As I'm writing this, I'm using someone's phone modem to download a critical update to my iPod, which I was hoping to use in the field this evening to play owl calls. The iPod, however, claimed it was empty, and would not play anything. While this download is going on - supposedly for another five hours, on this slow connection - I figured I could post this spectacular photo of a White-collared Swift.

This is not a rare bird in the region, but of course it is rarely seen up close. Someone in our group found it on the ground, apparently incapable of flight. It also appeared to have a leg injury. Since it didn't seem like it was going to survive in the wild, we decided to collect it.

Hopefully the iPod will be operational again tomorrow, and we can try again for owls tomorrow night.

Thursday I will be back in the city and will try to post more photos of this trip. We found some exciting birds here...

Friday, June 25, 2010

Another pulse in Monte Uyuca

As I write this, it's late Friday night, and I've just returned from another bird banding trip to Monte Uyuca in Honduras. Tomorrow morning at 6:15 AM I am expected at the SalvaNATURA office, to start on another assignment here in El Salvador.

Of course there are stories to tell and photos to show, but with such little time at my disposal (laundry to do, batteries to charge, sleep to catch up with), I'm afraid it's just going to be a brief selection of highlights.

The bird at the top is a juvenile Common Bush-tanager. With the rainy season well under way, many birds are either nesting of have just finished nesting. We caught a fair number of hatch year birds from a variety of species.

And, as always at this site, many hummingbirds, although this time practically all were Green-breasted Mountain-gems, like this bird. I think we caught only one or two Azure-crowned Hummingbirds, and zero White-eared Hummingbirds. These last two species were quite abundant as captures only a month ago.

This morning, while walking the net lanes, I found this Mottled Owl.

Sunday, June 20, 2010

Parque Los Pericos

Yesterday I went on an excursion, organized by Partners In Flight / El Salvador, to an old coffee plantation on the outskirts of San Salvador, called Parque Los Pericos. At this point, it is still no more than that: a former coffee plantation. SalvaNATURA recently signed a contract with the municipality to develop this area into a park where Salvadorans can escape the exhaust fumes and noise of the city, and relax.

I didn't really expect we were going to find any rarities here, within the San Salvador city limits, but we did stumble across one: a female Magnificent Hummingbird, pictured at the top. Regular blog readers will have seen photos of this bird before in these pages, but those photos were all from areas where this bird can be expected: Central American highlands.

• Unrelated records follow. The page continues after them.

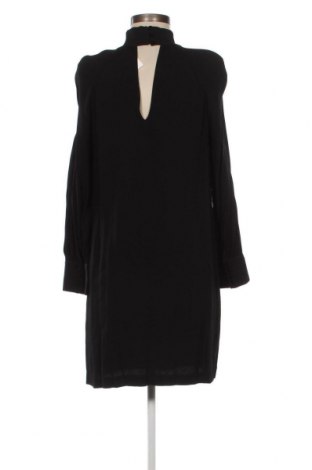 Šaty  Massimo Dutti, Velikost XS, Barva Černá, Cena  442,00 Kč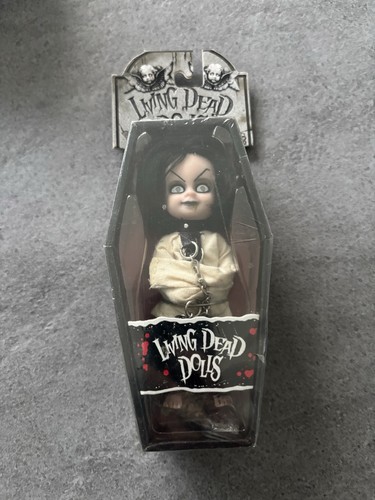 Mezco living dead dolls - mezco,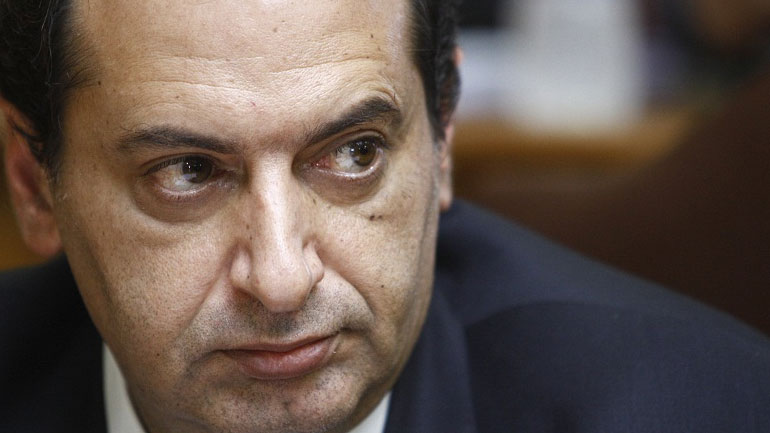 Στην Κρήτη αύριο ο Χρήστος Σπίρτζης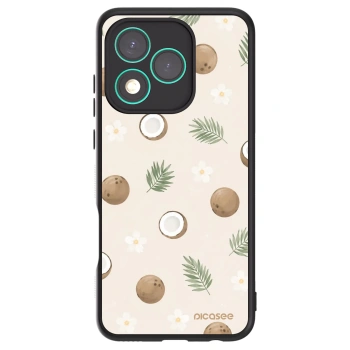Ovitek za Honor 400 Lite 5G - Coconut Breeze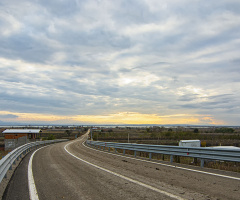 Gölkıyı Köyü Yolu - Karacabey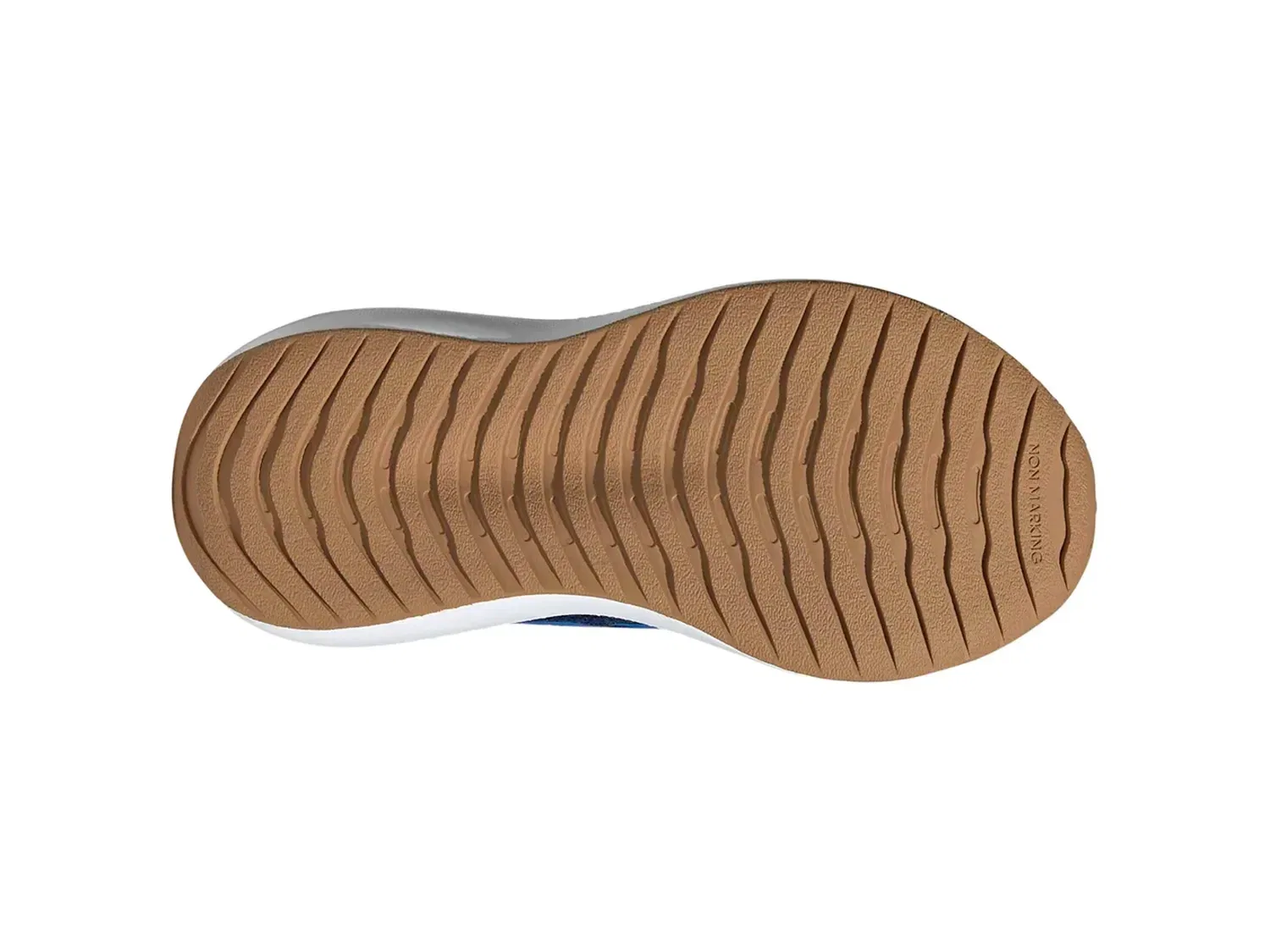 Кроссовки Runfalcon 6, adidas, Navy — фото 4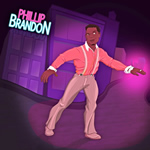 Phillip Brandon EP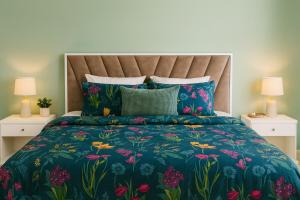 Φωτογραφία από το άλμπουμ του Modern & Cozy City Apartment, Pool and Skyline Views στο Κολόμπο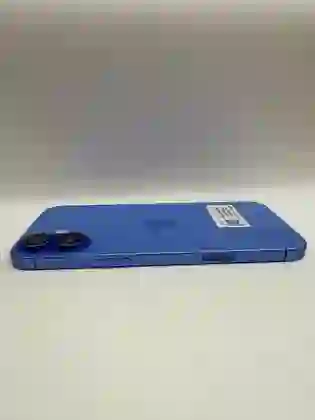 iPhone 16 Plus 128GB - Cũ đẹp - Xanh dương - ****2FW22Y - 4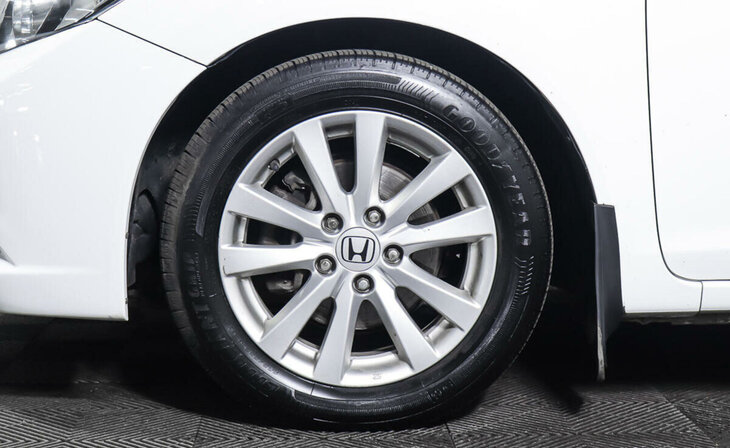 Honda Civic - Фото 8
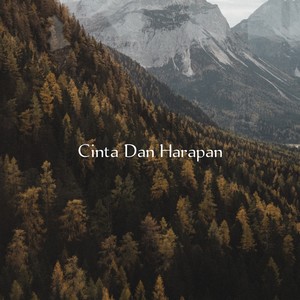 Cinta Dan Harapan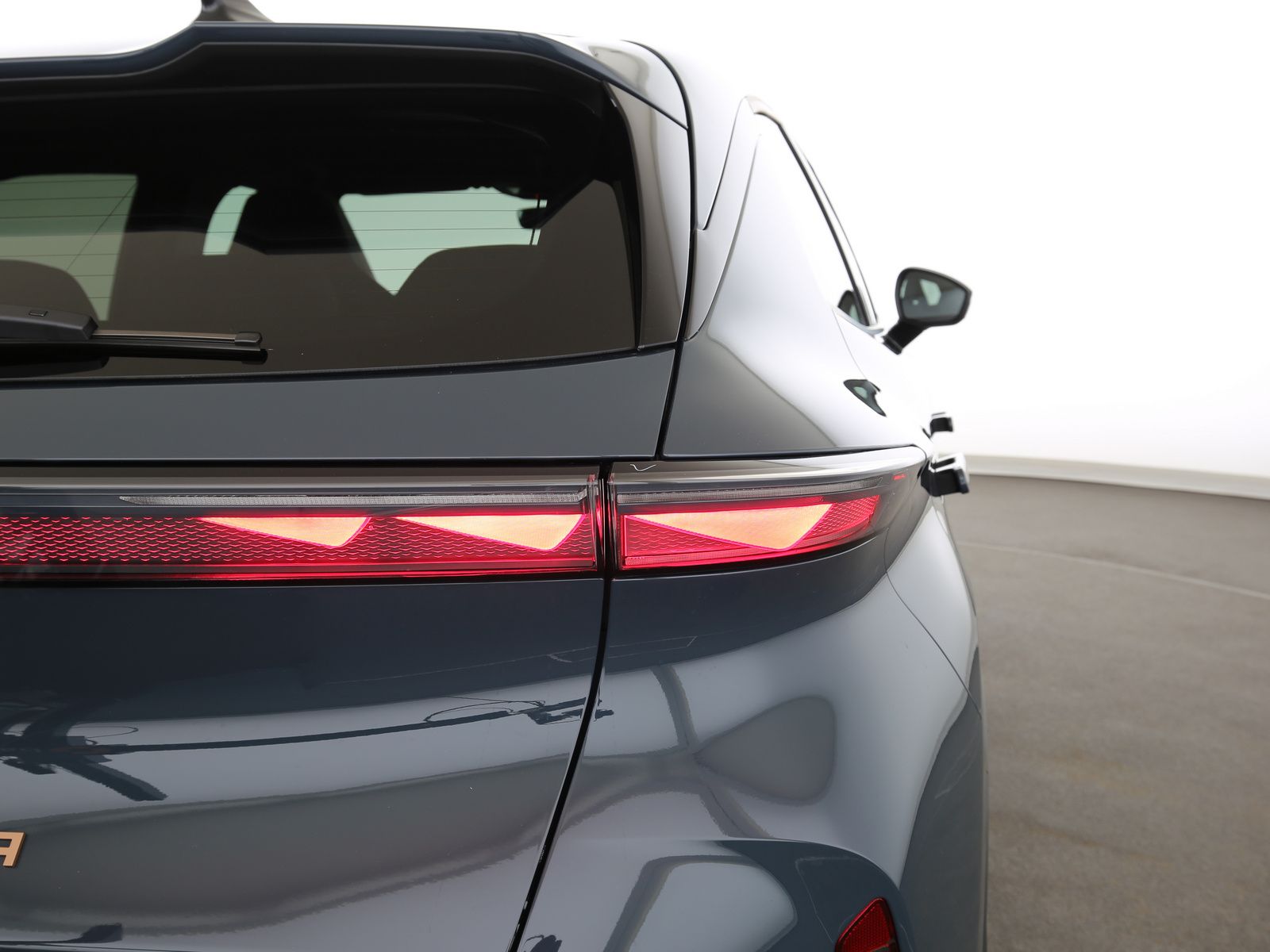 Cupra Raval - Bild 30
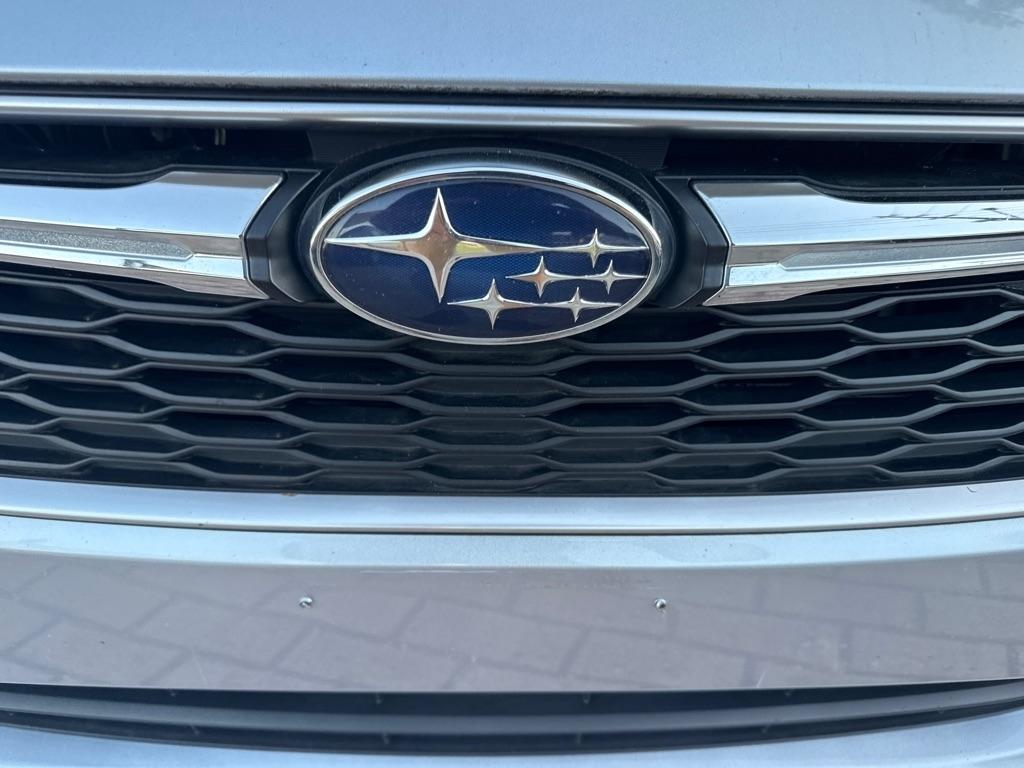 Subaru Impreza 2.0i Premium 5-door CVT 2018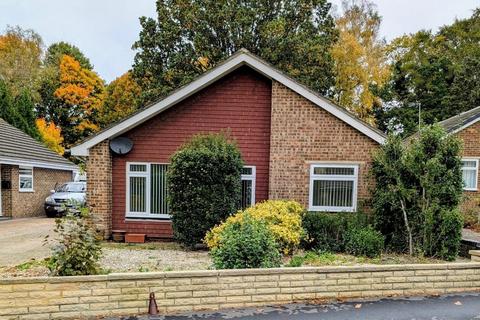3 bedroom detached bungalow for sale, Alphington Avenue, Frimley GU16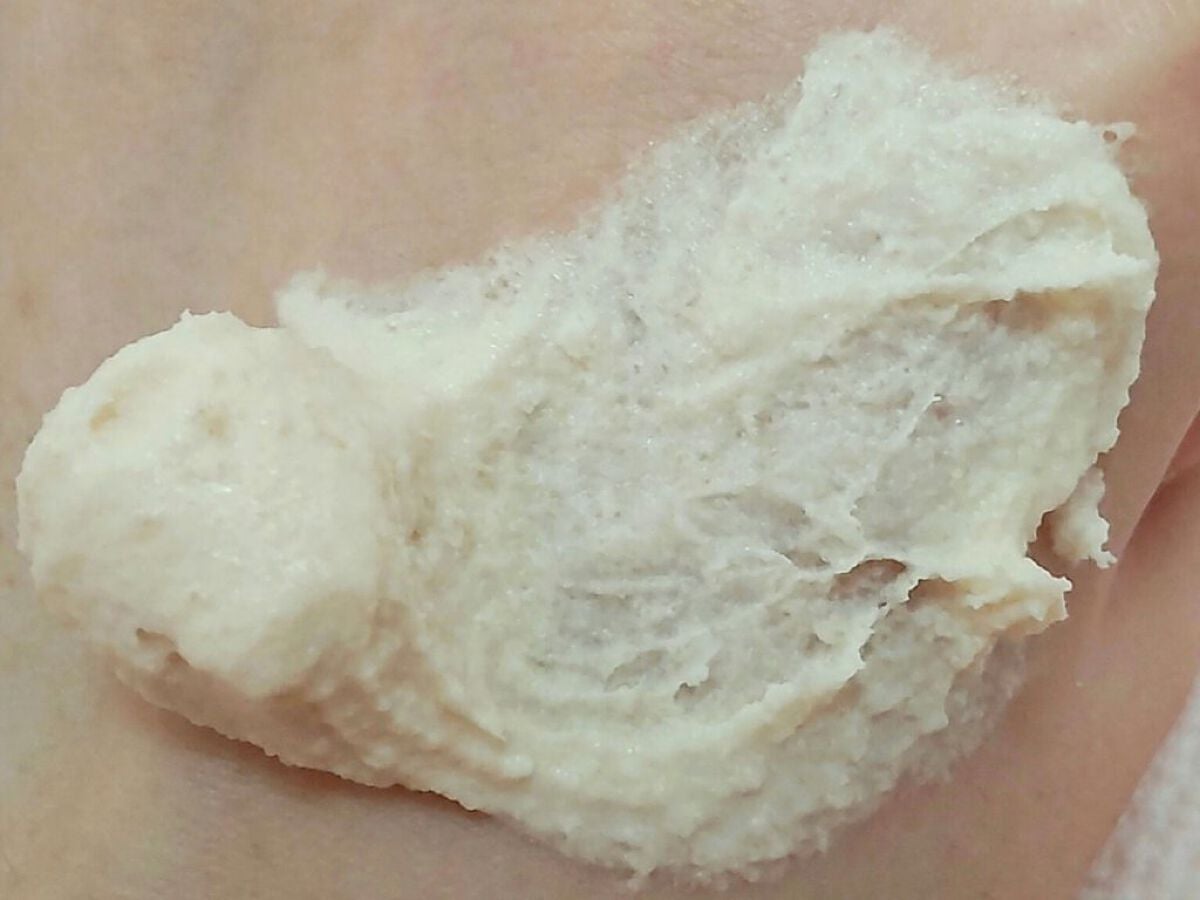 ワフードメイド 酒粕パック/pdc/洗い流すパック・マスクを使ったクチコミ(3枚目)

The normal elevational range for this species is between 1500 - 3000 m. Yesterday we found it below 900 m. What was it doing there? Did it come down from the nearby volcano? Is there some altitudinal migration in this species? Who knows?

Other cool birds seen or heard there included Thicket Tinamou, Masked Tityra, Yellow-olive Flycatcher, Violaceous Trogon, and quite a few Berylline Hummingbirds.

We saw a good number of butterflies too.

This one, for example, is Tegosa guatemalena, or Guatemalan Tegosa.

And this is Mechanitis polymnia, or Confused Tigerwing. This species is often found in coffee plantations.

This skipper is called Urbanus proteus, aka Long-tailed Skipper. Apparently this individual lost one of its long tails. Urbanus skippers are often easy to photograph, because they keep returning to favorite perches. All you need to do is move close to its perch. It'll probably fly away, but if you keep still and don't make any sudden movements, it will come back to the same spot.

All these species are common butterflies here. The most abundant species we saw was Anartia fatima, Banded Peacock. This may well be the most common butterfly in Central America.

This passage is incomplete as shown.